Consider - ab + ac - cd + bd
= b(d-a) - c(d-a)
= (b-c)(d-a)
4(ab + ac + bc + bd):
{a+b+c+d}^2 > 4(ab + ac + bc + bd - ab + ac - cd + bd)
{a+b+c+d}^2 > 4(2ac + 2bd)

Hence:
{a+b+c+d}^2 > 8(ac + bd)
9. 06 Mar '08 13:035 edits
Consider - ab + ac - cd + bd
= b(d-a) - c(d-a)
= (b-c)(d-a)

You only forgot to say this quantity is negative because a < b< c< d

4(ab + ac + bc + bd):
{a+b+c+d}^2 > 4(ab + ac + bc + bd - ab + ac - cd + bd)
{a+b+c+d}^2 > 4(2ac + 2bd)

And forgot to mention bc - cd is negative too, so the inequality is maintained
10. 06 Mar '08 14:271 edit
11. 06 Mar '08 14:55
Originally posted by sb3700
my solution, based on wolfgang:

Consider
{(a+d)-(b+c)}^2 > 0

Expand
(a+d)^2 + (b+c)^2 - 2(a+d)(b+c) > 0

* Therefore
(a+d)^2 + (b+c)^2 > 2(a+d)(b+c)

Now
{a+b+c+d}^2 = {(a+d)+(b+c)}^2
= (a+d)^2 + (b+c)^2 + 2(a+d)(b+c)

Now substituting for (a+d)^2 + (b+c)^2 from * gives;

{a+b+c+d}^2 > 4(a+d)(b+c)
expand

{a+b+c+d}^2 > 4(ab ...[text shortened]... c + bc + bd - ab + ac - cd + bd)
{a+b+c+d}^2 > 4(2ac + 2bd)

Hence:
{a+b+c+d}^2 > 8(ac + bd)
{a+b+c+d}^2 > 4(a+d)(b+c)
expand

This far I understand, but it gets confusing from here on.

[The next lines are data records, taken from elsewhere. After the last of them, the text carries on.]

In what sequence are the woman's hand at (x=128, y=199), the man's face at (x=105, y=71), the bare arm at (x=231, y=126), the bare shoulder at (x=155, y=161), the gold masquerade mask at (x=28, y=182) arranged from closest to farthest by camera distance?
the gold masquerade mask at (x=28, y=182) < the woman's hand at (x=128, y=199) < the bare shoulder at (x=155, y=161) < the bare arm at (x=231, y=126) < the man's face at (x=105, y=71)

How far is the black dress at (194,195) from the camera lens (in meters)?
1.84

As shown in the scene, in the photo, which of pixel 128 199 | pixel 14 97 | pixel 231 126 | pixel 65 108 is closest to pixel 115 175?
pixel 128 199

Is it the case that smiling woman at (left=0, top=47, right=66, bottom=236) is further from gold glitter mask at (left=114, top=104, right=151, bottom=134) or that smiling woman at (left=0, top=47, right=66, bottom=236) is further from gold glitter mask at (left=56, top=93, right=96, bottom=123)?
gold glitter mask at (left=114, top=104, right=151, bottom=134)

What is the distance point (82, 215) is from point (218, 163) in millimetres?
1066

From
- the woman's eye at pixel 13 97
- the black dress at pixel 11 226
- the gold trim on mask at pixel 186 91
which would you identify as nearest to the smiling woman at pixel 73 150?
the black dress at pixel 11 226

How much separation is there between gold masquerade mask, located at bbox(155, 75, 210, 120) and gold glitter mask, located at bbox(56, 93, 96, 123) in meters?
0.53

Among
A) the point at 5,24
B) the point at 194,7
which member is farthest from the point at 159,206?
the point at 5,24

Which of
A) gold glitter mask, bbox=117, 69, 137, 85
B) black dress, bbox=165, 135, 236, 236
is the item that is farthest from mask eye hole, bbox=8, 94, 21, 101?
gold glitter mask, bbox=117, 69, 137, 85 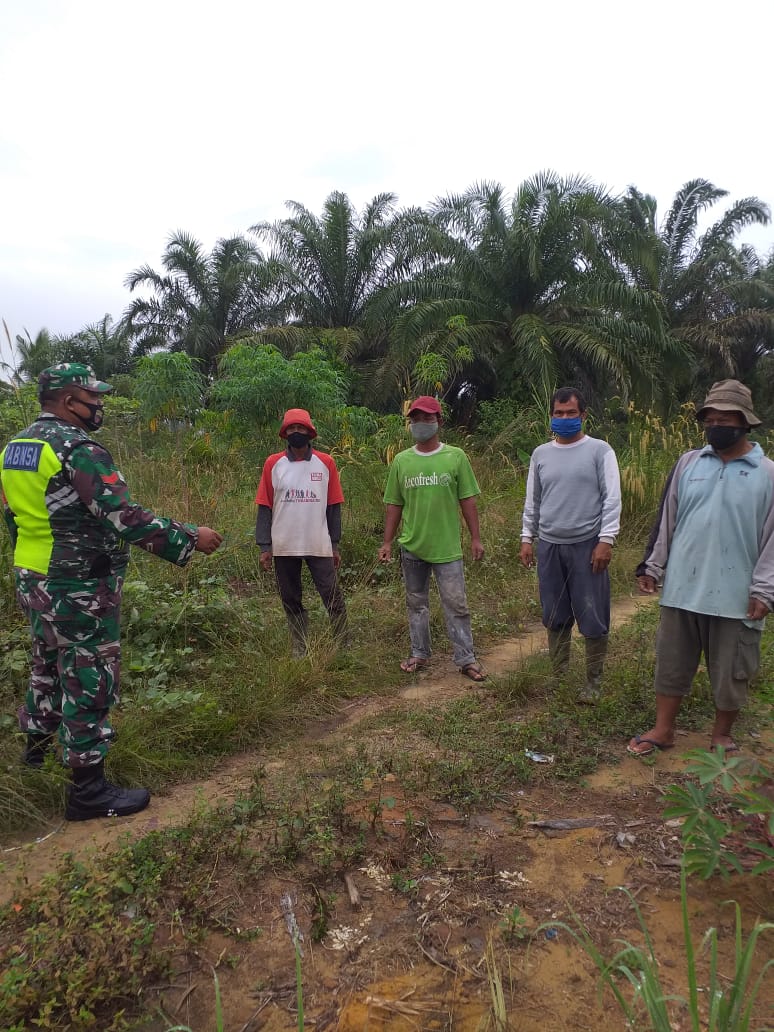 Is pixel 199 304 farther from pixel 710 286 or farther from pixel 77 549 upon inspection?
pixel 77 549

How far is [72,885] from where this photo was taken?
89.4 inches

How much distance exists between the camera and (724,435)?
3.05m

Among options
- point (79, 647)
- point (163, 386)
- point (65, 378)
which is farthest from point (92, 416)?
point (163, 386)

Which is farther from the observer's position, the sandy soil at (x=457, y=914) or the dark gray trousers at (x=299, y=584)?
the dark gray trousers at (x=299, y=584)

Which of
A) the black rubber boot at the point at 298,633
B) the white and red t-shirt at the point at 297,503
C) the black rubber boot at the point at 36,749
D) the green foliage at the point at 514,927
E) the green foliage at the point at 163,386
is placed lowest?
the green foliage at the point at 514,927

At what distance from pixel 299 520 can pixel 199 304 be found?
20.1 metres

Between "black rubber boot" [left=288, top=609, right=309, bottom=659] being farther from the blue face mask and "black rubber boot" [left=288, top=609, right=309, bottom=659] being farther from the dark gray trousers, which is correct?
the blue face mask

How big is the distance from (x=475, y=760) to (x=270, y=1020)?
4.98 ft

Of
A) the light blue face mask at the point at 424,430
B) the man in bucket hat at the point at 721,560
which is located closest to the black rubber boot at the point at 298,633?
the light blue face mask at the point at 424,430

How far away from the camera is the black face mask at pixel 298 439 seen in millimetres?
4453

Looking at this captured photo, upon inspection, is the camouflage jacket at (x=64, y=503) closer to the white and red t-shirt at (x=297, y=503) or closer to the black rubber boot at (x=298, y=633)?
the white and red t-shirt at (x=297, y=503)

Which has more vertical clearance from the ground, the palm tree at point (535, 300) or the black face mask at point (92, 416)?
the palm tree at point (535, 300)

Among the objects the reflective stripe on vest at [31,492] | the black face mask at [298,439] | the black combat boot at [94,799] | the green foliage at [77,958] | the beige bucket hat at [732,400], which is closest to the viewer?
the green foliage at [77,958]

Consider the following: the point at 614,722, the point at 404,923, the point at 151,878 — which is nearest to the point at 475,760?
the point at 614,722
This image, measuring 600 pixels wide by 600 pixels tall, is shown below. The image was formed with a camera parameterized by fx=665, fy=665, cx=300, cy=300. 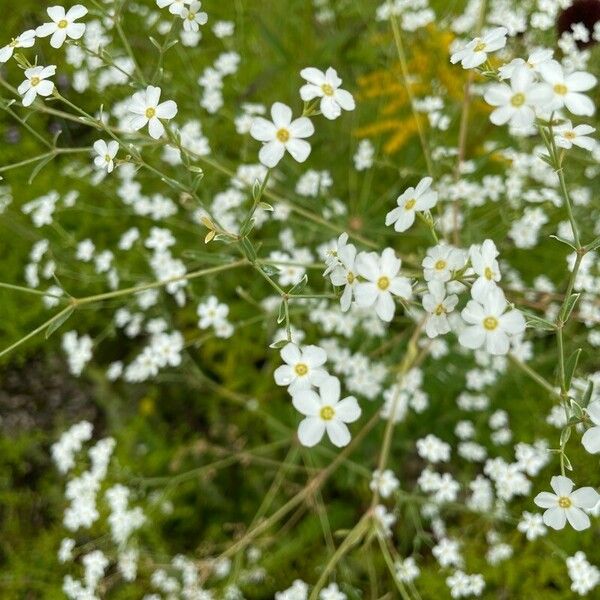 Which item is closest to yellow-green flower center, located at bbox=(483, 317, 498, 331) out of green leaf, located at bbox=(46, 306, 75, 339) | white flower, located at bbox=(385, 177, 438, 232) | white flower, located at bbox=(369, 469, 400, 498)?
white flower, located at bbox=(385, 177, 438, 232)

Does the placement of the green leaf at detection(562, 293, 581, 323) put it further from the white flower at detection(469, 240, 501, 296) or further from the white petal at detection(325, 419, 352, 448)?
the white petal at detection(325, 419, 352, 448)

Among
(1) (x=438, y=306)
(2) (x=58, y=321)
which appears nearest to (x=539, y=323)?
(1) (x=438, y=306)

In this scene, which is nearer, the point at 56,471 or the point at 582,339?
the point at 582,339

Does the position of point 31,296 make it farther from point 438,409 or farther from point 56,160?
point 438,409

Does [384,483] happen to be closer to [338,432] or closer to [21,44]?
[338,432]

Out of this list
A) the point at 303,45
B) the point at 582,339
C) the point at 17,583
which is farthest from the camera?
the point at 303,45

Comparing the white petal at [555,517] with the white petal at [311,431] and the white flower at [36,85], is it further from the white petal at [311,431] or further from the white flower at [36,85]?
the white flower at [36,85]

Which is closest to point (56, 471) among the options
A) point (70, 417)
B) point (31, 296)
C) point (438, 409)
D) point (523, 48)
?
point (70, 417)

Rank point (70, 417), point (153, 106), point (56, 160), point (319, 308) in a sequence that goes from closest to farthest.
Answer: point (153, 106) → point (319, 308) → point (70, 417) → point (56, 160) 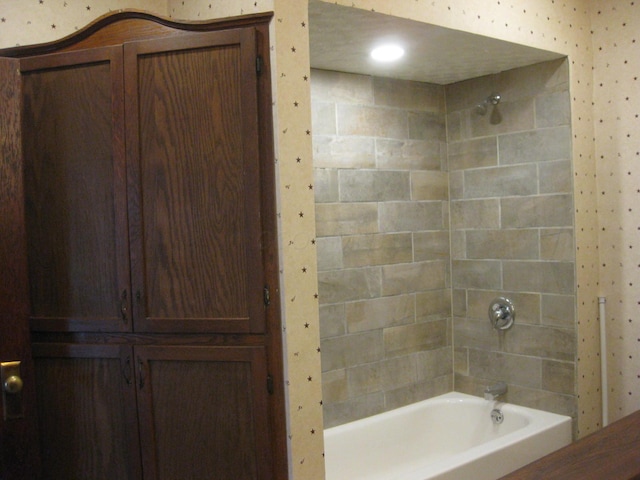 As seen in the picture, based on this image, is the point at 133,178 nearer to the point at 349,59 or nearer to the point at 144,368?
the point at 144,368

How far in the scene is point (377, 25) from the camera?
7.96 ft

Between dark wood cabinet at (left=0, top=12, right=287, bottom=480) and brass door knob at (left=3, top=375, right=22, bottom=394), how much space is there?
0.40ft

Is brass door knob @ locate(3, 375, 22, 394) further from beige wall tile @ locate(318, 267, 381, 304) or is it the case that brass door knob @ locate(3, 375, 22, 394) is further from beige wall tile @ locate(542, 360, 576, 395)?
beige wall tile @ locate(542, 360, 576, 395)

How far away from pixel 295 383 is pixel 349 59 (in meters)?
1.56

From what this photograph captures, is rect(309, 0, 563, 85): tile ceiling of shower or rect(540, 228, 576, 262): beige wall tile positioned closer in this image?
rect(309, 0, 563, 85): tile ceiling of shower

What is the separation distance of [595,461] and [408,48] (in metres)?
1.92

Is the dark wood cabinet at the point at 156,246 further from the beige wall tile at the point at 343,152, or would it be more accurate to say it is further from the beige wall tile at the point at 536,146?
the beige wall tile at the point at 536,146

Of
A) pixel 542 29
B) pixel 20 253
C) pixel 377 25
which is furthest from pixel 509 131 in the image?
pixel 20 253

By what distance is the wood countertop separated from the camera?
54.7 inches

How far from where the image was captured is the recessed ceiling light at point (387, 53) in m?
2.76

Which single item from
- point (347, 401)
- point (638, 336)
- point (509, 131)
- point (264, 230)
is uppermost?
point (509, 131)

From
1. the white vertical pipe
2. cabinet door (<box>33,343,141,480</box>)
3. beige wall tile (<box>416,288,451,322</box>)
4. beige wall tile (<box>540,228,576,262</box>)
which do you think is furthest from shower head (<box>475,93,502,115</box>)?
cabinet door (<box>33,343,141,480</box>)

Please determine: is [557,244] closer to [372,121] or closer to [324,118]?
[372,121]

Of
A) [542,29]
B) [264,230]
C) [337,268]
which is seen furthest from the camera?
[337,268] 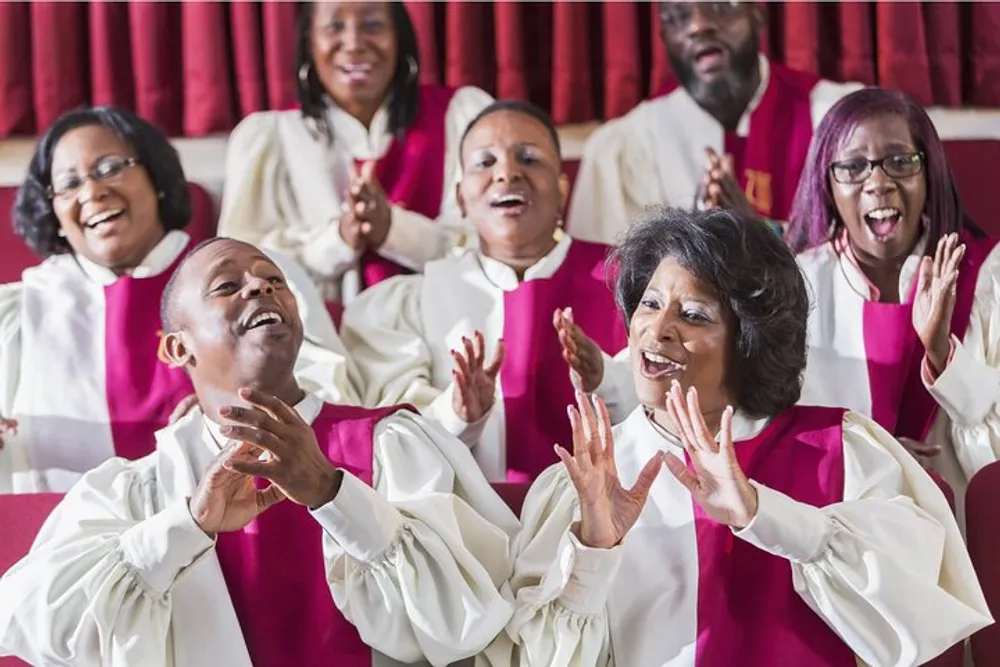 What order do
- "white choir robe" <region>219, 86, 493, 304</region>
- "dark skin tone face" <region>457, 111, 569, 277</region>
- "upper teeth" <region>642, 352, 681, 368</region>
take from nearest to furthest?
"upper teeth" <region>642, 352, 681, 368</region> → "dark skin tone face" <region>457, 111, 569, 277</region> → "white choir robe" <region>219, 86, 493, 304</region>

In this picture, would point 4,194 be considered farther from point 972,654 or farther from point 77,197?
point 972,654

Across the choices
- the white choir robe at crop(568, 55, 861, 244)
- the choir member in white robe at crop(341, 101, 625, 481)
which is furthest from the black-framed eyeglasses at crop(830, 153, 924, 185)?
the white choir robe at crop(568, 55, 861, 244)

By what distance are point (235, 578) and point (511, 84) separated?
1.54 metres

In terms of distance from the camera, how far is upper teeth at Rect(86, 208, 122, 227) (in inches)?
103

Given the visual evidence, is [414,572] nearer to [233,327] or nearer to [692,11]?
[233,327]

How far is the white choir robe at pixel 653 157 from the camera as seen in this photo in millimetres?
2939

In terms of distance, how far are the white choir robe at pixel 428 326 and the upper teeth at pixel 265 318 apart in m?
0.39

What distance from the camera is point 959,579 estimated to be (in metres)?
1.88

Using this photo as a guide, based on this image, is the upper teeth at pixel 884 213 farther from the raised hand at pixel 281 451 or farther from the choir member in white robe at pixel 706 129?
the raised hand at pixel 281 451

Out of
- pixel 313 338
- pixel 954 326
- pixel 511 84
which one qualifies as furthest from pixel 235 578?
pixel 511 84

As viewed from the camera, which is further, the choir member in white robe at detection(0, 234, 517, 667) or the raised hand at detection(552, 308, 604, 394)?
the raised hand at detection(552, 308, 604, 394)

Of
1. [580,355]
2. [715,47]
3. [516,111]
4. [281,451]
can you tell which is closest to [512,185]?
[516,111]

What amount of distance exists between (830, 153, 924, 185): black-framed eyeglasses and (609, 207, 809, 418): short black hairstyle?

Where does the bc term come from in the next line?

{a+b+c+d}^2 > 4(ab + ac + bc + bd)

Consider - ab + ac - cd + bd
= b(d-a) - c(d-a)
= (b-c)(d-a)
12. 06 Mar '08 16:01
I get it now. Your proof looks good apart from the mix up with bc and cd.